Incidence rates are expressed per 1,000 person-years. Abbreviations: IR incidence rate, VTED venous thromboembolic disease, 95% CI confidence interval of 95%, n number, PTE pulmonary thromboembolism, DVT deep vein thrombosis.

Figure 1

Cude IRs of VTED, DVT, and PTE by age group for the 6cyear period from 2006 to 2012.

The sex-specific IRs per 1,000 person-years for VTED was 1.72 (95% CI: 1.60 to 1.85) in the female group and 1.56 (95% CI: 1.42 to 1.71) in the male group; for DVT, the IRs were 1.33 (95% CI: 1.22 to 1.44) in the female group and 1.26 (95% CI: 0.13 to 1.40) in the male group; for PTE, the IRs were 0.69 (95% CI: 0.61 to 0.77) in the female group and 0.56 (95% CI: 0.48 to 0.66) in the male group. The female/male IR ratios were 1.1 for VTED (95% CI: 0.98 to 1.25), 1.05 for DVT (95% CI: 0.92 to 1.20), and 1.23 for PTE (95% CI: 1.01 to 1.50).

For cases of VTED, DVT, and PTE, stratifying the analysis by age did not identify cases among patients between 17 and 20 years of age; however, the specific rates increased with age in patients belonging to the group under study. As a result, the lowest specific IRs were found in the group of patients between 21 and 30 years of age, with values of 0.14 for VTED (95% CI: 0.08 to 0.25), 0.12 for DVT (95% CI: 0.06-0.22), and 0.03 for PTE (95% CI: 0.01-0.11). In contrast, the group of subjects over 80 years of age had the highest specific IRs, with values of 5.93 for VTED (95% CI: 5.41 to 6.50), 4.62 for DVT (95% CI: 4.16 to 5.12), and 2.25 for PTE (95% CI: 1.94 to 2.61) per 1,000 person-years (see Figure 1).

The IRs of VTED, DVT, and PTE adjusted for the population of Buenos Aires were 0.90 (95% CI: 0.84 to 0.95), 0.71 (95% CI: 0.66 to 0.76), and 0.34 (95% CI: 0.31 to 0.37) per 1,000 person-years, respectively.

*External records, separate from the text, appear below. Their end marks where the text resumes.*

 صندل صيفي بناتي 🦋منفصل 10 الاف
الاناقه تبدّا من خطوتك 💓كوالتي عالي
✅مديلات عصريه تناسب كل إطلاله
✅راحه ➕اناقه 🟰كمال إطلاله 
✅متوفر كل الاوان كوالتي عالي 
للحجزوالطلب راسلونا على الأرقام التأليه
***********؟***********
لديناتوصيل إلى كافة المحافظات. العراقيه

The IRs adjusted for the populations of Argentina, Buenos Aires, Europe, and Segi’s world standards are shown in Table 3.

The cumulative incidence rates in the follow-up period were 1.65 cases per 1,000 persons for VTED (95% CI: 1.47 to 1.85), 1.28 cases per 1,000 persons for DVT (95% CI: 1.13 to 1.46), and 0.64 cases per 1,000 persons for PTE (95% CI: 0.53 to 0.77).

Discussion

The results of this study show that the incidence rate (IR) of symptomatic VTED in a medical care program of the Italian Hospital of Buenos Aires, remains a major and common health problem in our institution which is consistent with the findings of recent studies. There are few data in Argentina and Latin America about the epidemiology of VTED [20, 21] and to our knowledge this is the first paper reporting prospectively the incidence of VTED in a population of Argentina.

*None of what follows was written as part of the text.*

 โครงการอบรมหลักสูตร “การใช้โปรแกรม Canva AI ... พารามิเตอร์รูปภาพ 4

Although several studies have reported the incidence of VTED in various populations [2, 13, 15, 16], many reports included annual cumulative incidence values and not IRs. As these indicators are not equivalent, we have also reported annual cumulative incidence values to compare our findings to those of previously published studies [32].

The cumulative incidence of VTED in our study was higher than the corresponding value reported in the study of Silverstein et al. [2], as these authors detected an average age- and gender-adjusted annual incidence rate of 1.17 VTED cases per 1,000 persons in Olmsted County, Minnesota, USA. This difference could be explained by the variable clinical manifestations of the disease, the degree of certainty in the diagnosis of VTED according to the methods used to confirm the diagnosis (the 64-slice CT angiogram was not yet available between 1966 and 1990), and the study design (in contrast to the present study, the Silverstein Study was a retrospective study).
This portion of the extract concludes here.